J. H. Pas plus pour eux que pour les couples gais. Pour quelle raison un homme sans famille qui a des revenus et une caisse de retraite devrait-il toucher une deuxième pension?

L. M. Votre argumentation est fondée sur le passé. Si l’on reste à l’âge de pierre, on n’évolue jamais. Les choses ont bien changé depuis les années 40: les femmes ont moins d’enfants et travaillent autant que les hommes, on se marie moins, l’espérance de vie a augmenté, etc. Au moment où le régime des pensions a été fondé, les gais étaient emprisonnés s’ils s’adonnaient à des relations sexuelles! On doit revoir le système à la lumière du jour.

J. H. Mon raisonnement, c’est qu’une pension est attribuée pour compenser une perte reliée à la charge d’enfants, et le sacrifice d’une vie professionnelle.

L. M. Vous voyez les pensions comme un régime public d’assistance sociale aux familles. Il s’agit pourtant d’une assurance privée. Une personne paie pendant toute sa vie active pour protéger le niveau de vie de son conjoint à sa mort. Actuellement, ce sont les règles du jeu. Si la société veut encourager la famille et prévenir la dénatalité, je suis d’accord. Mais on doit imaginer une vraie politique familiale et non pas remettre en question les bénéficiaires d’une pension. La meilleure façon d’aider les familles, c’est encore de leur donner des allocations. Pas d’attendre la mort d’un conjoint…

J. H. C’est aussi une compensation pour une perte de revenus. Moi, j’ai eu six enfants. Mon revenu est plus faible que si je n’en avais eu aucun.

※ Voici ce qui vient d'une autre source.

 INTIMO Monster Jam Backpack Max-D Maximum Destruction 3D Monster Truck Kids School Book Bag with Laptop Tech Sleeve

L. M. En tant que célibataire, par le biais de mes impôts, je contribue davantage au Trésor public qu’un père de famille qui gagne un salaire identique au mien. Les gais et les lesbiennes ont à peine 30 ans d’existence. Au Québec, ils sont protégés par une charte depuis seulement 20 ans. Aujourd’hui, ils ne demandent pas de cadeaux, mais ils aspirent à une forme d’égalité.

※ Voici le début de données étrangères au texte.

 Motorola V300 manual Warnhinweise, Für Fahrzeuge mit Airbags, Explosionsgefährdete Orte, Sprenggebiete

J. H. L’égalité avec quoi?

L. M. Avec les couples hétérosexuels qui sont dans la même situation qu’eux, qui vivent en union de fait.

J. H. Si l’on applique votre logique, on devrait aussi donner des pensions à une femme célibataire qui a habité toute sa vie avec sa sour et qui a tout partagé avec elle. Sauf pour les relations sexuelles, ces femmes forment aussi un couple.

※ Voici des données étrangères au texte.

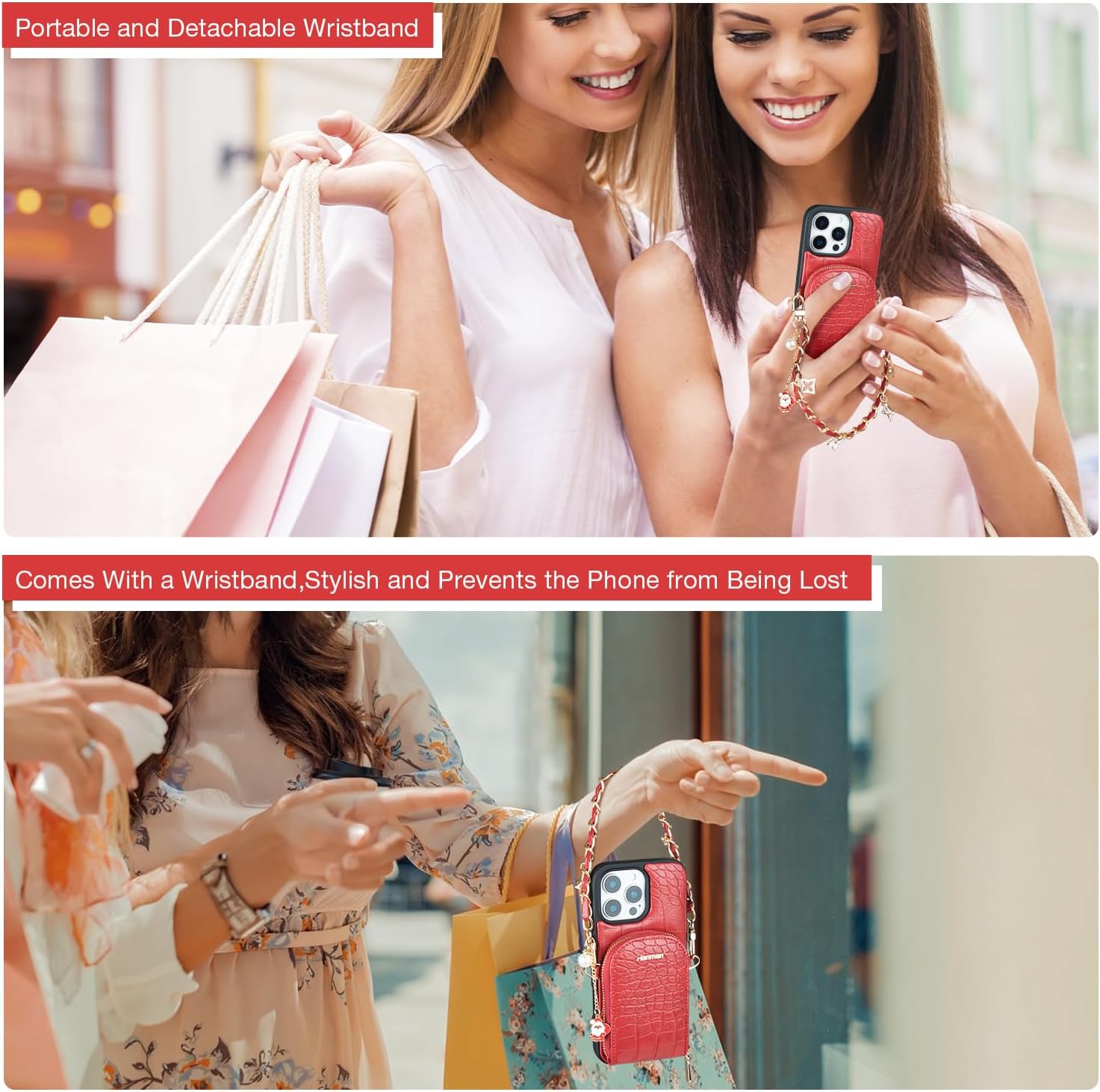 Hanman Leather Wallet Case with Wrist Strap for iPhone 16 Pro Max,RFID Blocking PU Leather Zipper Purse Case for iPhone 16 Pro Max,Crocodile Leather Wallet & Card Holder Case Red - Image 3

L. M. Comment pouvez-vous réduire la réalité homosexuelle à la cohabitation! Je vis depuis 28 ans avec l’homme que j’aime. Pour vous, c’est comme si je vivais avec mon frère ou mon cousin! Voyons donc! L’homosexualité, c’est beaucoup plus que ça. Une relation amoureuse entre deux êtres, c’est plus intense que deux sours qui habitent dans le même appartement…

J. H. Elles s’aiment, s’entraident, se soignent, vont en vacances ensemble et partagent même leurs revenus. Au bout du compte, je pense que ces deux sours font exactement la même chose qu’un couple homosexuel. À l’exception de coucher ensemble. C’est la seule distinction à mes yeux.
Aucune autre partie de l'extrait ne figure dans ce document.